- **TRY IT**:
Word for word, copy out the data below, omitting pictures.

- **DATASET EXCERPT**:
▬▬▬▬▬▬▬▬▬▬

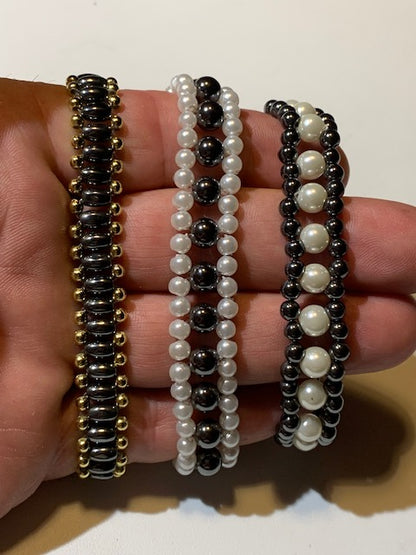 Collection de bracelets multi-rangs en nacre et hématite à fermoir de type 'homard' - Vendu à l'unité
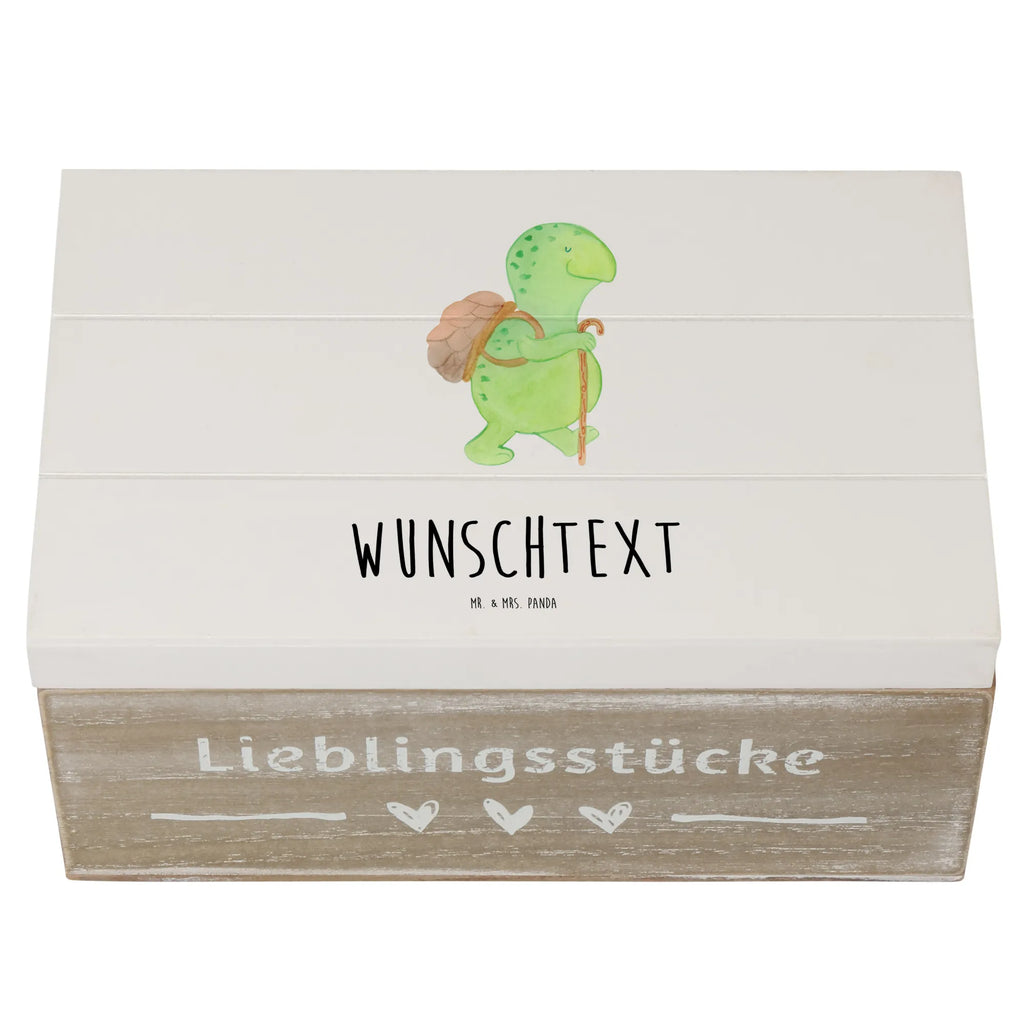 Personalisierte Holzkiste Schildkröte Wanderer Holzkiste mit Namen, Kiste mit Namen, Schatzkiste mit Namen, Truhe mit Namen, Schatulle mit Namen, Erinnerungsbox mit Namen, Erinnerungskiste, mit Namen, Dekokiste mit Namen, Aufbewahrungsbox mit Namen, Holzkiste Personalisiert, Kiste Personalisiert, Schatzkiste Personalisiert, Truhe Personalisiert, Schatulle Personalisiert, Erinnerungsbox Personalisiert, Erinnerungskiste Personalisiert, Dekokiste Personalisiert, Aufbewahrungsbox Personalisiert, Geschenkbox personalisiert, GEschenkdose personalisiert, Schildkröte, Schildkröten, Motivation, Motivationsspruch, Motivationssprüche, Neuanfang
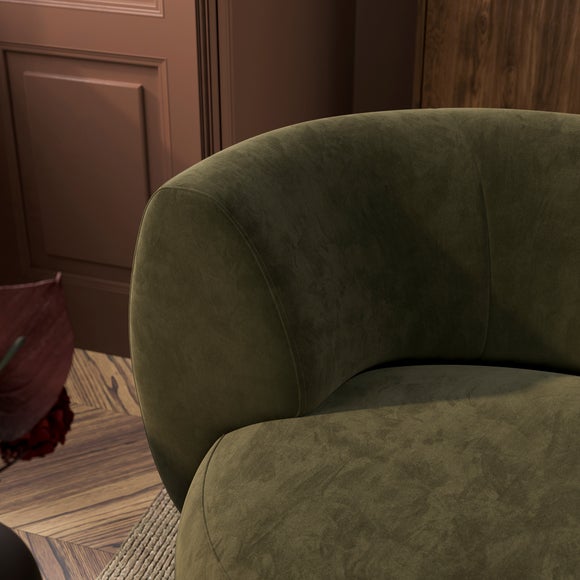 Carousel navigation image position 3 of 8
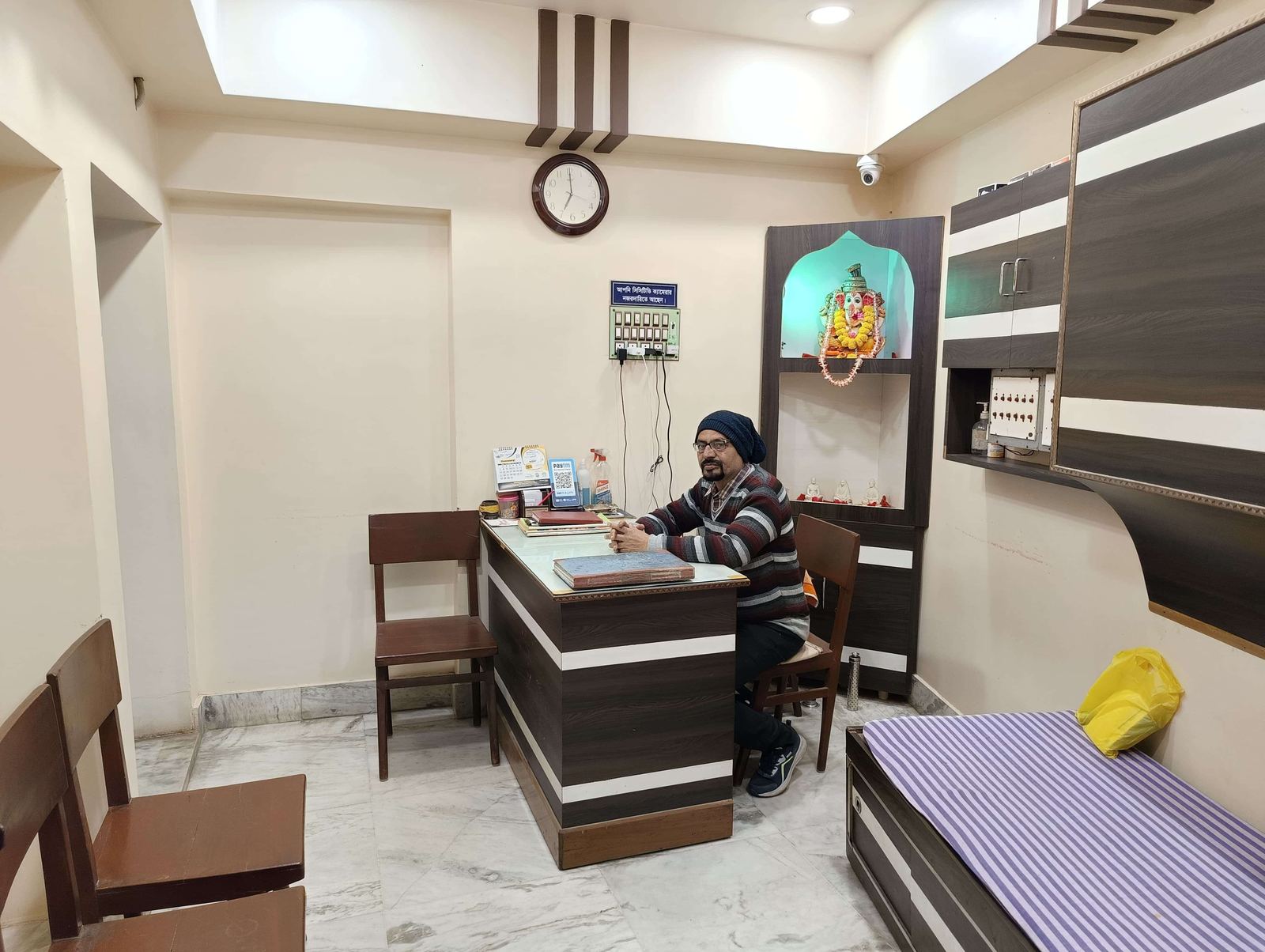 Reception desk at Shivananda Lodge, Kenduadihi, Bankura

▬▬▬▬▬▬▬▬▬▬

- **YOUR SOLUTION**:
 Collection de bracelets multi-rangs en nacre et hématite à fermoir de type 'homard' - Vendu à l'unité
 Personalisierte Holzkiste Schildkröte Wanderer Holzkiste mit Namen, Kiste mit Namen, Schatzkiste mit Namen, Truhe mit Namen, Schatulle mit Namen, Erinnerungsbox mit Namen, Erinnerungskiste, mit Namen, Dekokiste mit Namen, Aufbewahrungsbox mit Namen, Holzkiste Personalisiert, Kiste Personalisiert, Schatzkiste Personalisiert, Truhe Personalisiert, Schatulle Personalisiert, Erinnerungsbox Personalisiert, Erinnerungskiste Personalisiert, Dekokiste Personalisiert, Aufbewahrungsbox Personalisiert, Geschenkbox personalisiert, GEschenkdose personalisiert, Schildkröte, Schildkröten, Motivation, Motivationsspruch, Motivationssprüche, Neuanfang
 Carousel navigation image position 3 of 8
 Reception desk at Shivananda Lodge, Kenduadihi, Bankura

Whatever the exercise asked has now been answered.